### Dataset section
━━━━━━━━━━━━━━━━━━━━

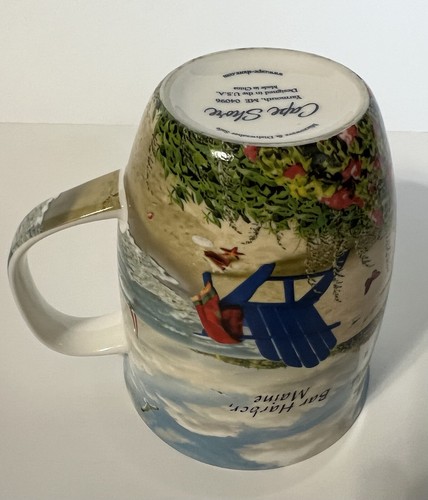 Taza artística Bar Harbor Maine Cape Shore cerámica porcelana recuerdo de viaje sin usar nueva de stock - Imagen 22 de 24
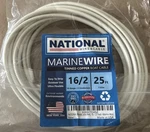 16/2 National Wire Usa Marine Grade Tinned Copper Flat Boat Cable 25FT Red Black. Fixed Price $29.99.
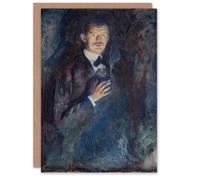 Artery8 Edvard Munch Art Card Self Portrait with Cigarette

━━━━━━━━━━━━━━━━━━━━

### Exercise prompt
Print all the lines above exactly as they are, but without the pictures.

### Exercise output
 Taza artística Bar Harbor Maine Cape Shore cerámica porcelana recuerdo de viaje sin usar nueva de stock - Imagen 22 de 24
 16/2 National Wire Usa Marine Grade Tinned Copper Flat Boat Cable 25FT Red Black. Fixed Price $29.99.
 Artery8 Edvard Munch Art Card Self Portrait with Cigarette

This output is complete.